◆ Task instructions ◆
Do not include the pictures; repeat the rest of the data exactly.

◆ Material shown ◆

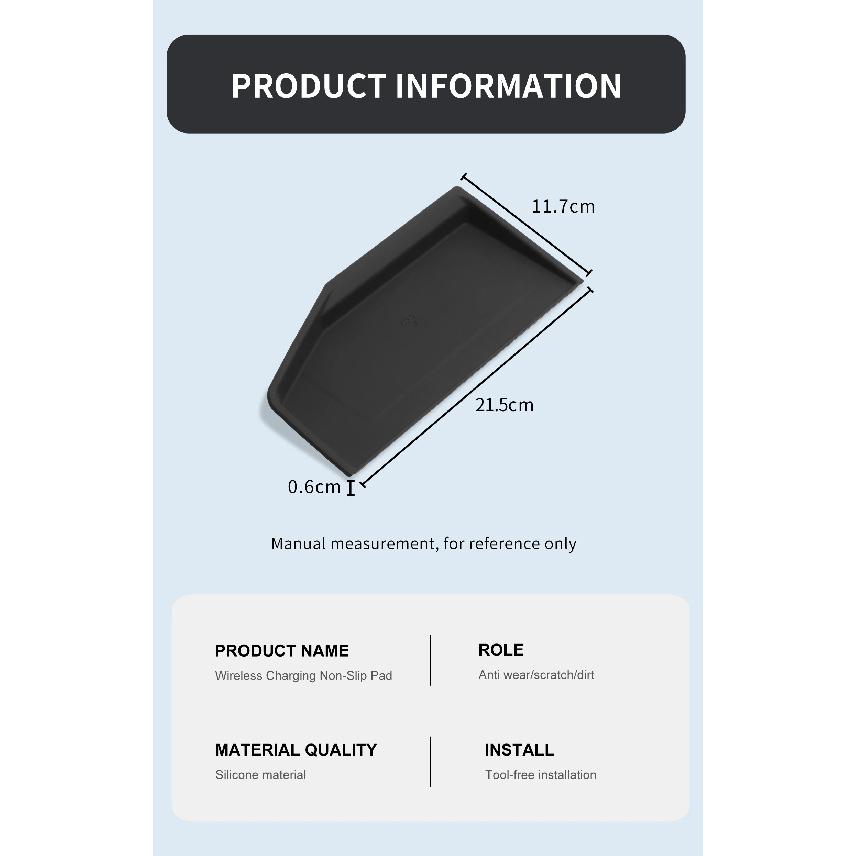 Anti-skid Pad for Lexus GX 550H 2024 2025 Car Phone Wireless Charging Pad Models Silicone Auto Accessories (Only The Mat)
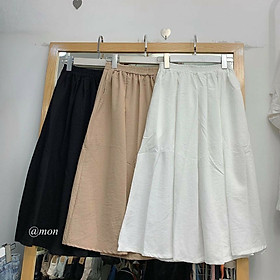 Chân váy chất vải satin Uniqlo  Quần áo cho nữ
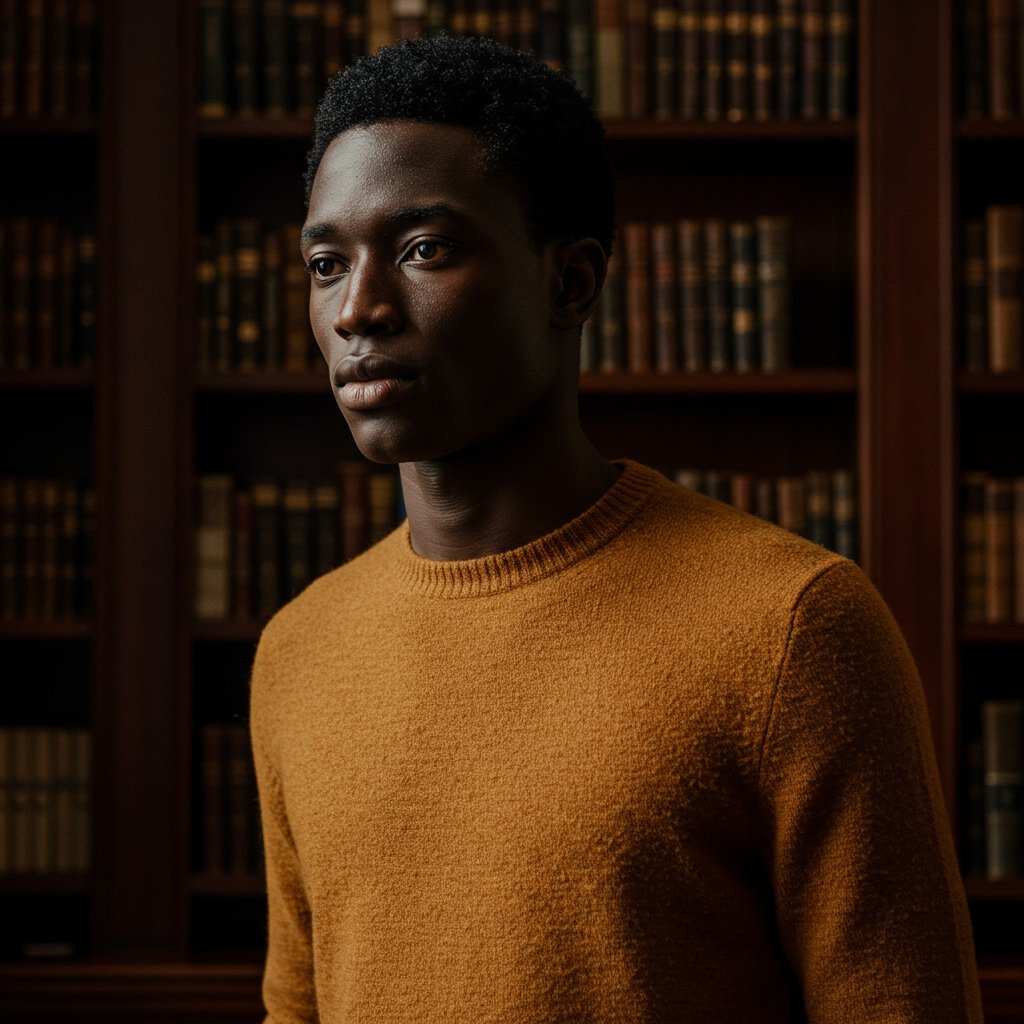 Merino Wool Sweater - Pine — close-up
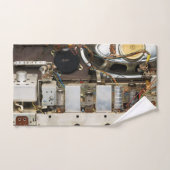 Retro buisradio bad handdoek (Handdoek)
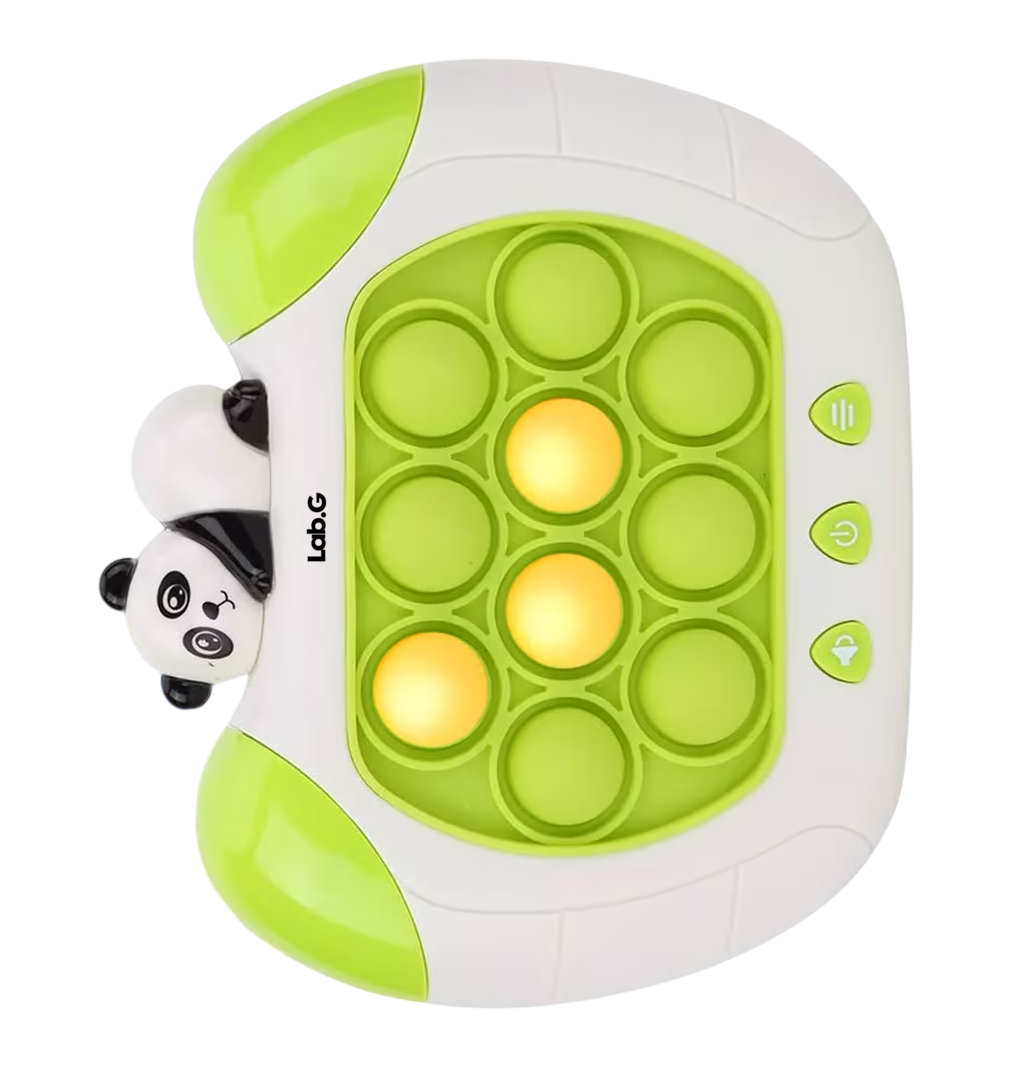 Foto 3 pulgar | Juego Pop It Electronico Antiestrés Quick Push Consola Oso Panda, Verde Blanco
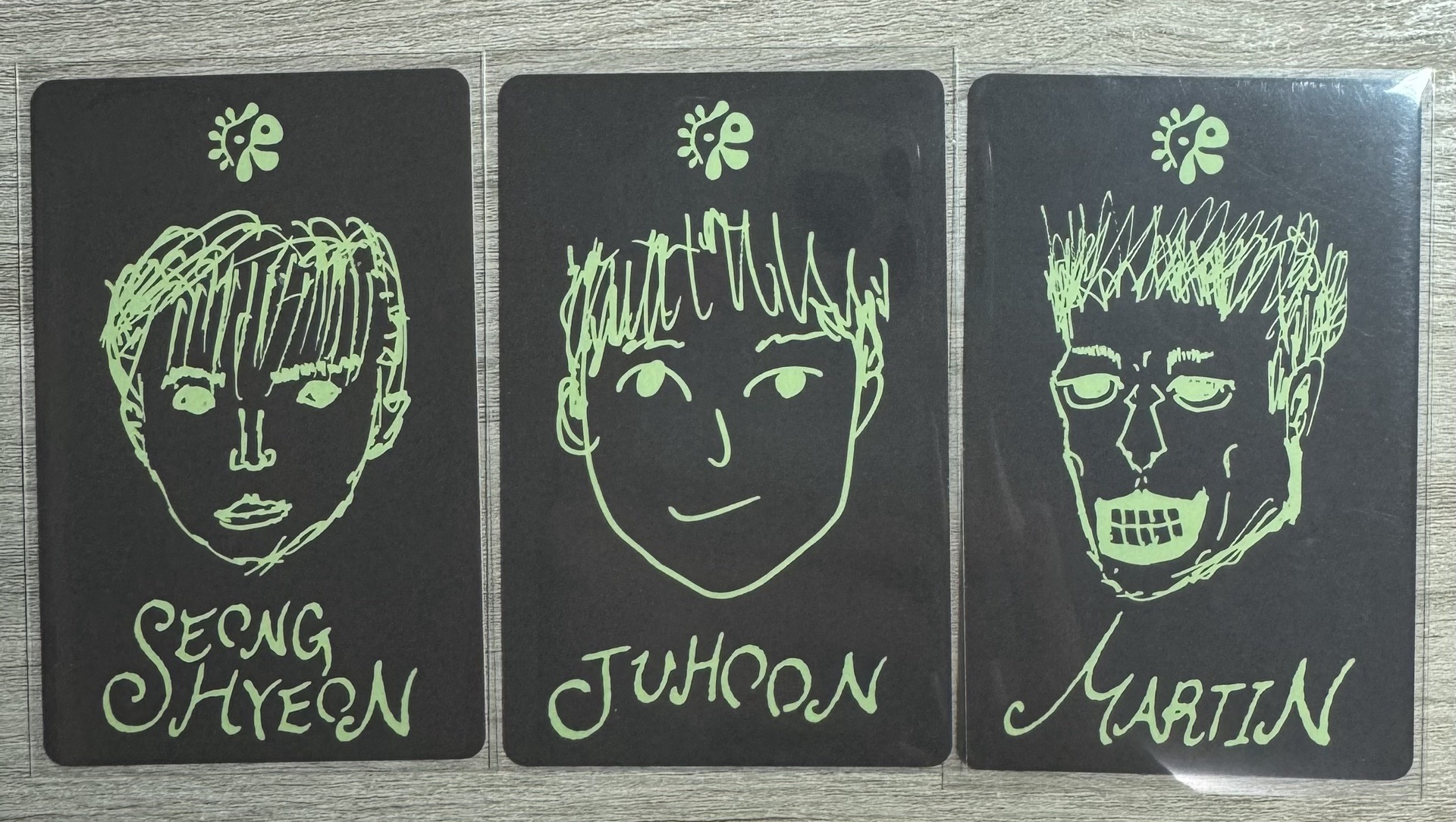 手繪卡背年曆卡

◆ Expected answer ◆
 Anti-skid Pad for Lexus GX 550H 2024 2025 Car Phone Wireless Charging Pad Models Silicone Auto Accessories (Only The Mat)
 Chân váy chất vải satin Uniqlo  Quần áo cho nữ
 Merino Wool Sweater - Pine — close-up
 Retro buisradio bad handdoek (Handdoek)
 Foto 3 pulgar | Juego Pop It Electronico Antiestrés Quick Push Consola Oso Panda, Verde Blanco
 手繪卡背年曆卡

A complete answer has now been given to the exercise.